New Proyecto Center at NLU

Proyecto Center Opens

On NLU's Chicago campus there is a place that invites all students to sit, relax, watch television, check their email, play pool, study and make friends. It is the new Proyecto Center on the sixth floor right across from the elevators. "We envisioned it as a place where we can create community," says Ana Maria Soto, executive director of Latino Initiatives at NLU. "I believe that this is essential for retaining more students and making them feel like they belong here."

When the former NLU bookstore moved out of its sixth floor location, plans for the new center began. A group of NLU students chose the paint colors and the furniture, and they are now planning programs and other activities, such as offering speed workshops for job seekers and hosting inspirational leaders to meet students in an informal setting. The Office of Latino Initiatives has also established a committee that receives requests to display artwork.
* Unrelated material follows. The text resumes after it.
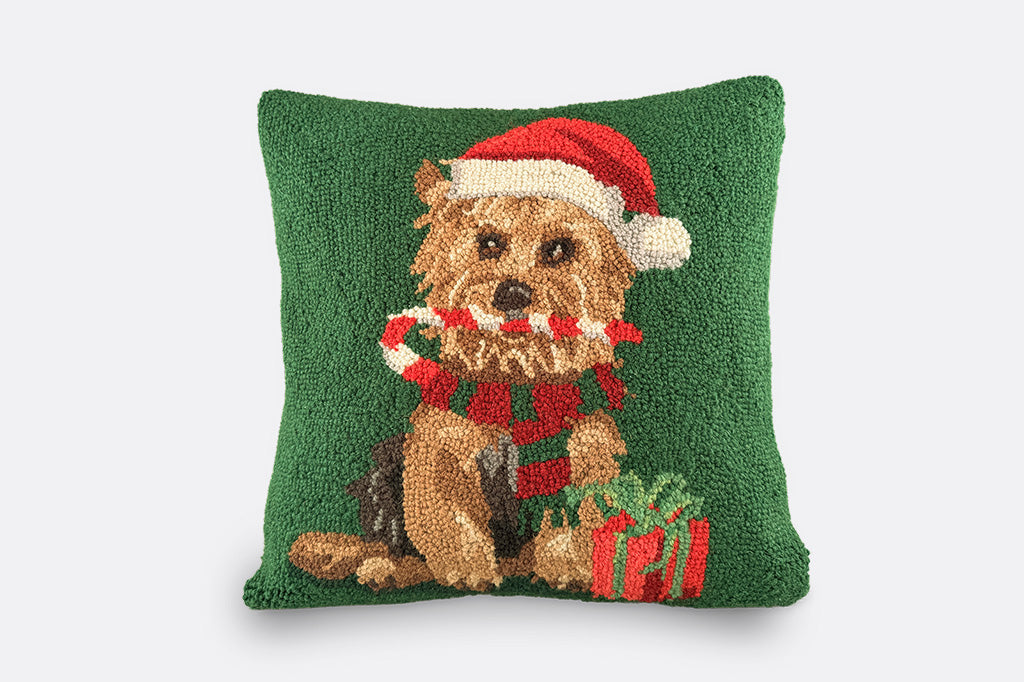 Square green decorative hooked pillow with yorkie pictured on pillow holding candy cane in its mouth with santa hat on and winter scarf, with a gift by its side pictured on light grey background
Every three months, a new artist is featured and the first one who displayed his work was Sam Kirk.

"I feel that NLU needed a center like this for students," says Dulce Lopez, an NLU undergraduate student in the College of Arts and Sciences who helped develop the space. "It is important to find a place on campus were we can meet others." Another undergraduate student, Yesenia Berrera, who is studying psychology, says, "We are proud of the center; it is a project we worked on together and it looks great. We hope other students will make full use of the facilities."

The center, which is staffed by students, is also used by staff and faculty members for meetings.

Latino Initiatives at NLU

Proyecto Comunidad, which is housed in the Proyecto Center, develops innovative educational partnerships with not–for–profit organizations to make higher education more accessible to the Latino community. "We continue to partner with El Valor, one of the top 10 largest Latino organizations in the United States," Soto says. "Our four MBA programs in two different locations are fulfilling a tremendous need in the Latino community," adds Soto. "The opportunity to receive a master's degree in the neighborhood can now be achieved by more and more Latinos." A new MBA program in south Chicago near the Indiana border is currently in the planning stage.

One of the challenges the Latino community faces is figuring out how to navigate the higher education landsccape, Soto notes. Since many Latino students are the first ones in their families to go to college, this is all–new territory for them and their families. Many have never filled out the financial aid forms, for example, Soto says, or know how to apply for loans and scholarships. NLU is planning to host a television segment on CANTV that will teach (step–by–step) how to fill out the forms, how to apply for scholarships and how to finance a college education.

The Office of Latino Initiatives recently received a grant from the National Endowment for the Arts to promote literacy and literature in the Latino community. Together with Boundless Readers, an organization that promotes literacy, NLU hosted 100 reading–club meetings as well as special events in October and November 2009. Another event to be held later in the fall will be a dramatic reading of the Mexican short stories from Sun, Stone and Shadows and a panel discussion of the short story as literature in Spanish. "We are so pleased to partner with NLU to bring this series of events to the Latino community," says Mary Hicks, executive director of Boundless Readers.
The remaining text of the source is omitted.